- WHAT TO DO
The goal here is an exact copy of the entries below, without their pictures.
[[ AVAILABLE DATA open ]]
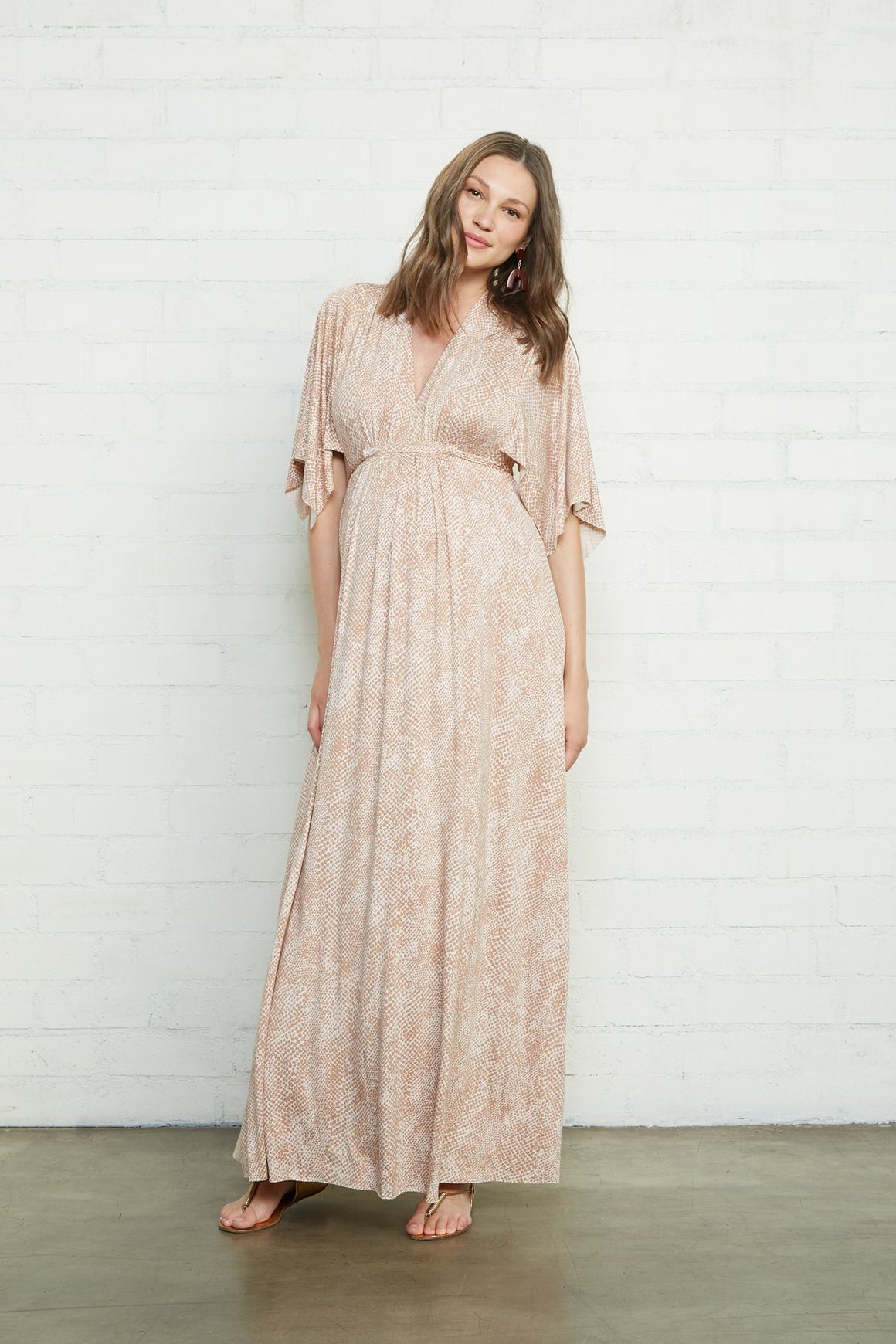 Long Caftan Dress - Maternity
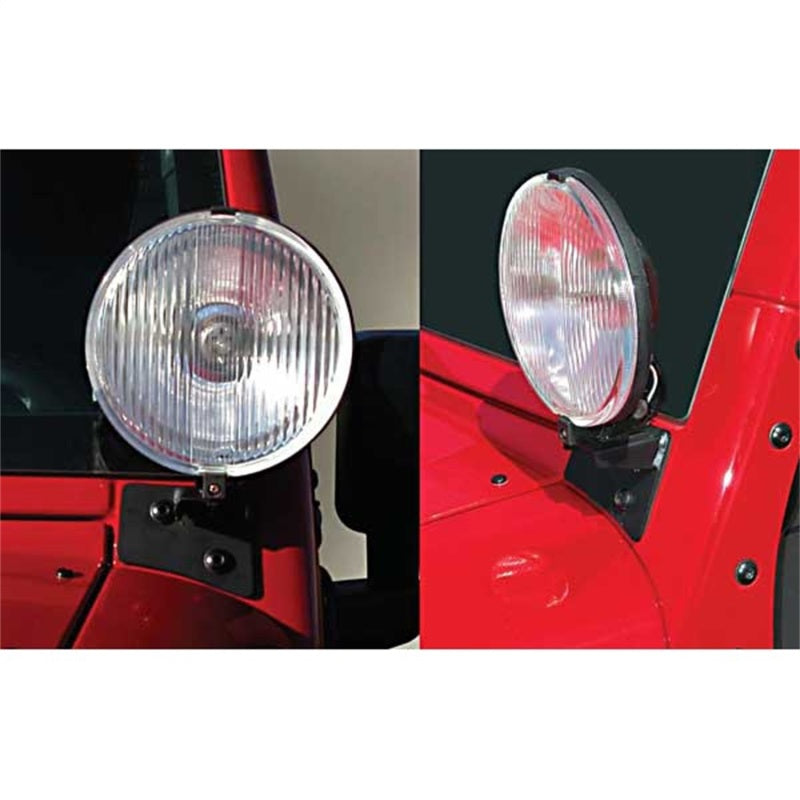 Rugged Ridge Light Mount Bracket Kit Windshield; 07-18 Jeep Wrangler Jk - 11027.03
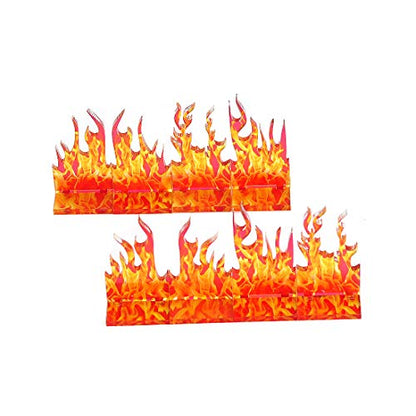 CZYY DND Wall of Fire Miniatures, 8 Acrylic Flame Terrain Pieces | 8 Modular Fire Spell Effects, 1 in Bases, Approx. 2 in Tall, For 25 mm, 28 mm & 32 mm Miniatures and RPG Battle Maps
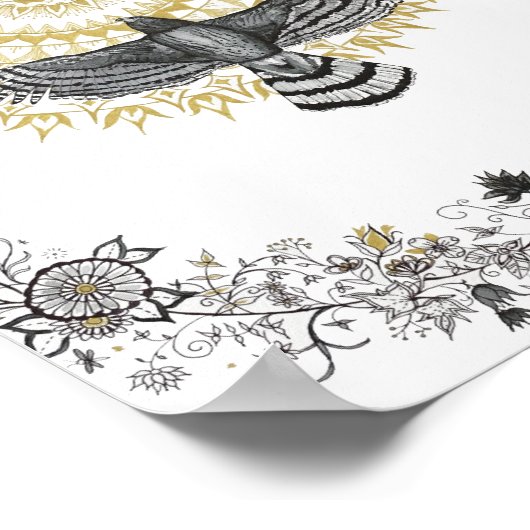 Hawk Dreams 8x10 Print Poster (Ecke)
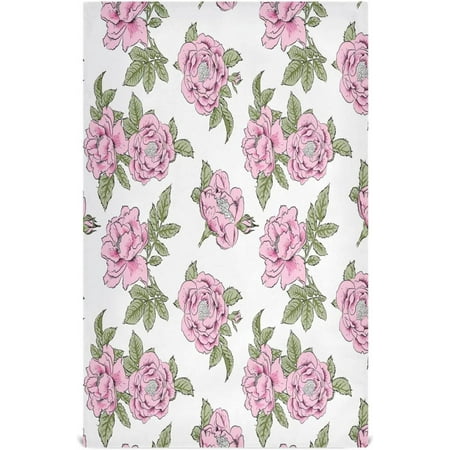 Bestwell 1 Pack Pink Rose Leaves Kitchen Towels Soft Absorbent Dish Towels Reusable Tea Towels Set 28 x 18
Bestwell 1 Pack Pink Rose Leaves Kitchen Towels Soft Absorbent Dish Towels Reusable Tea Towels Set 28 x 18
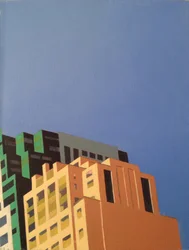 Brooklyn Hi Rise, 2012 (öljy kankaalle)
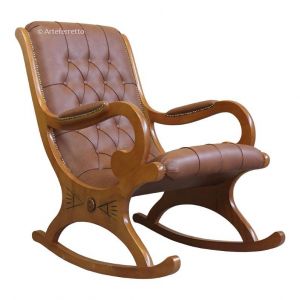 Fauteuil à bascule simili cuir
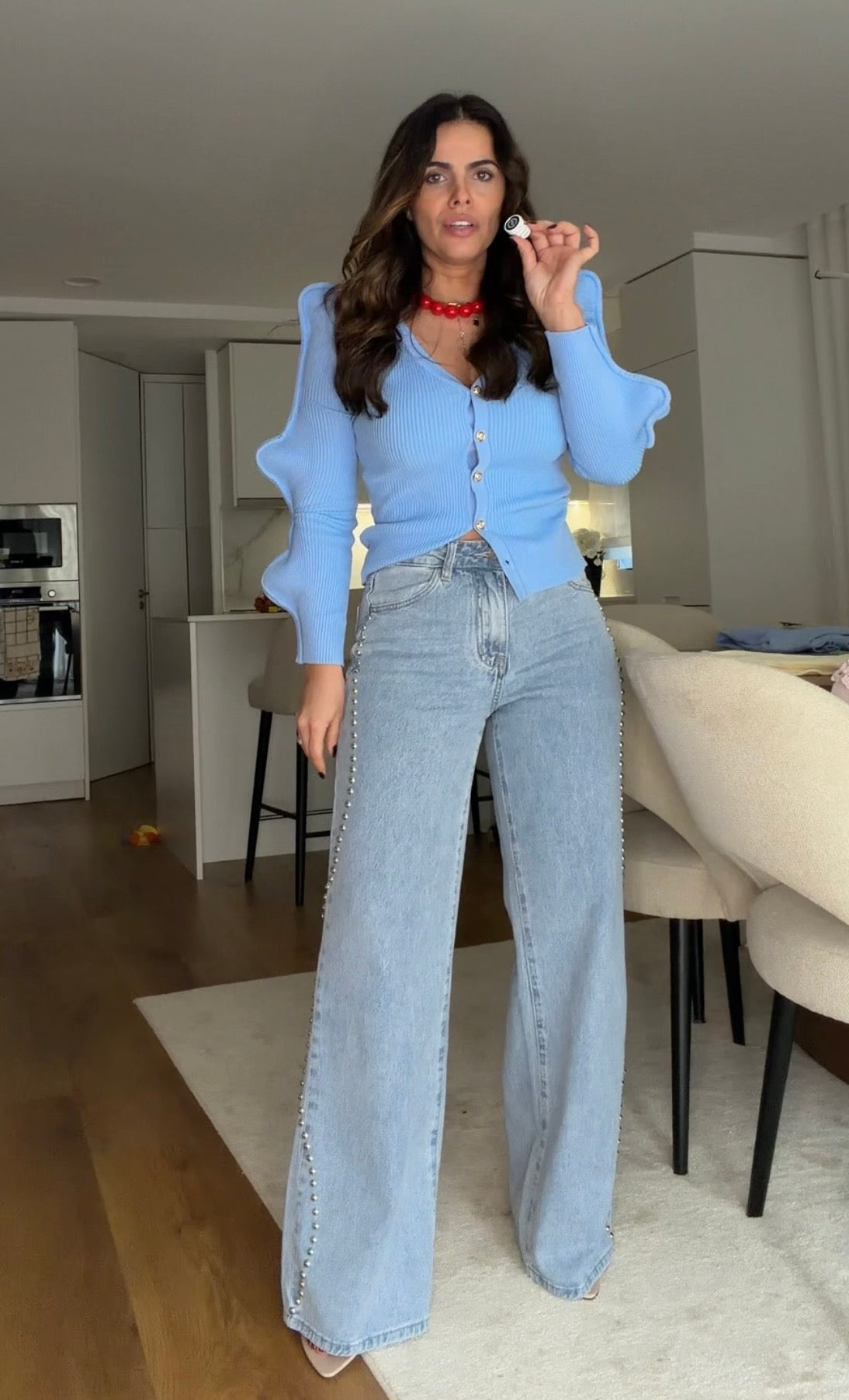 JEANS WIDE LEG TAXAS ( NEW)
[[ AVAILABLE DATA closed ]]
- TASK ANSWER
 Long Caftan Dress - Maternity
 Rugged Ridge Light Mount Bracket Kit Windshield; 07-18 Jeep Wrangler Jk - 11027.03
 CZYY DND Wall of Fire Miniatures, 8 Acrylic Flame Terrain Pieces | 8 Modular Fire Spell Effects, 1 in Bases, Approx. 2 in Tall, For 25 mm, 28 mm & 32 mm Miniatures and RPG Battle Maps
 Hawk Dreams 8x10 Print Poster (Ecke)
 Bestwell 1 Pack Pink Rose Leaves Kitchen Towels Soft Absorbent Dish Towels Reusable Tea Towels Set 28 x 18
Bestwell 1 Pack Pink Rose Leaves Kitchen Towels Soft Absorbent Dish Towels Reusable Tea Towels Set 28 x 18
 Brooklyn Hi Rise, 2012 (öljy kankaalle)
 Fauteuil à bascule simili cuir
 JEANS WIDE LEG TAXAS ( NEW)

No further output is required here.